“好事?!!”宋桓几乎是从紧咬的牙关里,带着嘶嘶的冷气挤出这两个字,他气得浑身都在微微发抖,手指颤抖地指着她,声音因极致的愤怒而拔高,显得有些尖利,“你!你管这叫好事?!你这是在玩火!是要把我们宋家满门上下几百口人的性命和前程,都往火坑里推!往悬崖边上逼!”

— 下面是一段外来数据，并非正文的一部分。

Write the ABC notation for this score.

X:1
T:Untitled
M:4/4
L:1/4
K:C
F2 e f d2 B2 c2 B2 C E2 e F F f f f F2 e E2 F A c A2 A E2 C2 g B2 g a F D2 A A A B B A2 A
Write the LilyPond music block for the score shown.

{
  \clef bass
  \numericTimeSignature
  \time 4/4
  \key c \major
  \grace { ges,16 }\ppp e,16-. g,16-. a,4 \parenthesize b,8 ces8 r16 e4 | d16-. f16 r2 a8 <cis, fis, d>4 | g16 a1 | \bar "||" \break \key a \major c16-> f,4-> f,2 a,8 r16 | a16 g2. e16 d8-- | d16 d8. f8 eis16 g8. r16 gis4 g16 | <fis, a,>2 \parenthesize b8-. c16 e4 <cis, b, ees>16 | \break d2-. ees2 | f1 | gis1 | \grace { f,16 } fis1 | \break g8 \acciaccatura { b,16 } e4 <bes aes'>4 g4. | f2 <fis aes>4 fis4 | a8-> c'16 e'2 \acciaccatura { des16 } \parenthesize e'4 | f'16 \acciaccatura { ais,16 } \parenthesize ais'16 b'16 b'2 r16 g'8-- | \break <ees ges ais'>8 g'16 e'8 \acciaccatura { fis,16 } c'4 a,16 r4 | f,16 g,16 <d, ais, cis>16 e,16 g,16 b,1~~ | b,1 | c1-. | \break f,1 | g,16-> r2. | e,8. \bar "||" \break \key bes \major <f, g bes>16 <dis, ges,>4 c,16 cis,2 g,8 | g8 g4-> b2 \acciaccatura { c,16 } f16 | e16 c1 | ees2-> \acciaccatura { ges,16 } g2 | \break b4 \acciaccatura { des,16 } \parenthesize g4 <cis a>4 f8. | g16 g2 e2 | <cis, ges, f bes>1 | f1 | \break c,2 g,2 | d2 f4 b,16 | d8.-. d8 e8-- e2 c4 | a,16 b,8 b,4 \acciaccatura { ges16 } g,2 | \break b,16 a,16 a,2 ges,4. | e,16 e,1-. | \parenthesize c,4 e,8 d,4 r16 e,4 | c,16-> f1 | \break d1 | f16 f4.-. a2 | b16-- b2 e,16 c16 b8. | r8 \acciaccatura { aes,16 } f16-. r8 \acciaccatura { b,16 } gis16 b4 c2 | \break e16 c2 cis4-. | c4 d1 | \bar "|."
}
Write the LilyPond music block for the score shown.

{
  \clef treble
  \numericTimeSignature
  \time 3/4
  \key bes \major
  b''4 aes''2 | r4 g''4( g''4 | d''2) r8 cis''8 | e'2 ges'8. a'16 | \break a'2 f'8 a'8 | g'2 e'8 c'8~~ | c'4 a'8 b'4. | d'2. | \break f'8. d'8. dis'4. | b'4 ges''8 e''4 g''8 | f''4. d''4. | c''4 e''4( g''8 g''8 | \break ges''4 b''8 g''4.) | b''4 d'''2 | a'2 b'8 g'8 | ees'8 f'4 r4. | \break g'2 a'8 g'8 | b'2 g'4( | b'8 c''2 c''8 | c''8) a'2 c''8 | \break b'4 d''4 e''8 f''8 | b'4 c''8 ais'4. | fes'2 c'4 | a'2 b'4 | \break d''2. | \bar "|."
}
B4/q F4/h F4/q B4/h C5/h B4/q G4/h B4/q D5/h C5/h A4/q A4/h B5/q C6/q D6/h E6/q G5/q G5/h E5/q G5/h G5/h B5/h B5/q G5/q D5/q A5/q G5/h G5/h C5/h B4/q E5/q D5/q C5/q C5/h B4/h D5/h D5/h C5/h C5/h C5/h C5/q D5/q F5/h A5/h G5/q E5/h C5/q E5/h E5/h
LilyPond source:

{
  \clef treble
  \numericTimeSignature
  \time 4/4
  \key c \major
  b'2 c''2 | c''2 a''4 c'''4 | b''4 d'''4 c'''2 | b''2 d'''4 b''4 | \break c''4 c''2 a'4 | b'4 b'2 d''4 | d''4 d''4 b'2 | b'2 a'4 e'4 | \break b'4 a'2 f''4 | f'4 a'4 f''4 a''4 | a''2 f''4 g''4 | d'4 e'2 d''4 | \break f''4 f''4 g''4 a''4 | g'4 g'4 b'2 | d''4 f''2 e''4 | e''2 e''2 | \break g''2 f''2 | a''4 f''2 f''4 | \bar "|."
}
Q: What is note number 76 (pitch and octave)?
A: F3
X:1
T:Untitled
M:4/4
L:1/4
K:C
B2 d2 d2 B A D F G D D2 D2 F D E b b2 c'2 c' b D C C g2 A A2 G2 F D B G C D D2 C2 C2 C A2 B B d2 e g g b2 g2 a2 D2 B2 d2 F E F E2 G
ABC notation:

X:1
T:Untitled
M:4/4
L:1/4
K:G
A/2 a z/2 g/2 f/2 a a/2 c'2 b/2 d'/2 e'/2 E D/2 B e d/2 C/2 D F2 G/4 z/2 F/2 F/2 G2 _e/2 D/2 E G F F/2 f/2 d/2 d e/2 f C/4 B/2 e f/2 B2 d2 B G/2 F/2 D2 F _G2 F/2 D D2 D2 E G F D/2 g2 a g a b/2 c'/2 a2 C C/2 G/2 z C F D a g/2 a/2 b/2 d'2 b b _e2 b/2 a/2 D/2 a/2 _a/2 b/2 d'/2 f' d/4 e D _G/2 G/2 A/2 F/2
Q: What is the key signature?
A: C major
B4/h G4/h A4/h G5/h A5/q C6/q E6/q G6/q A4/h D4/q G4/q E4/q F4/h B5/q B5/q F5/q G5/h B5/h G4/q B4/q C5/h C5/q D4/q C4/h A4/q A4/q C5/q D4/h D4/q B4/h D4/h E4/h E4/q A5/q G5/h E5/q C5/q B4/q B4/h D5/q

宋琼琚却仿佛完全没有听到他语气中那几乎要爆裂开来的暴怒与指责,依旧不慌不忙,姿态娴雅地将手中那盏白玉茶盅,轻轻放回旁边小几的原位,杯底与光洁的紫檀木桌面接触,发出了一声清脆而细微的“磕哒”声,在这寂静而紧张的书房里显得格外清晰。她抬起眼,目光先是平静地扫过因盛怒而面色扭曲的宋桓,随即又似是无意地、淡淡地掠过一旁神色各异、仿佛屏住了呼吸的王清欢和努力降低存在感却难掩眼中精光的玲珑,最后,那清冷的目光重新定格在宋桓那张因愤怒而显得有些狰狞的脸上。她的语气平缓依旧,不见丝毫波澜,却带着一种与她年纪极不相符的、仿佛历经世事的冷静与洞察:
“父亲,您且稍安勿躁。气大伤身,于事无补。”她微微停顿了一下,似乎在谨慎地选择着接下来的措辞,又像是在刻意加重接下来每一句话语的分量,“容女儿在此,说几句或许僭越、但发自肺腑的话。”她清澈的目光直视着宋桓,毫不避让,“如今朝堂之上,表面看来,太子殿下名分早定,地位似乎稳如泰山,但……父亲,您比女儿更清楚,这朝堂风云,何时有过真正的稳固?乾坤未定,世事难料,天意从来高难问。最终究竟谁能真正荣登大宝,执掌这万里江山……现在就想盖棺定论,您不觉得,有些为时过早了吗?”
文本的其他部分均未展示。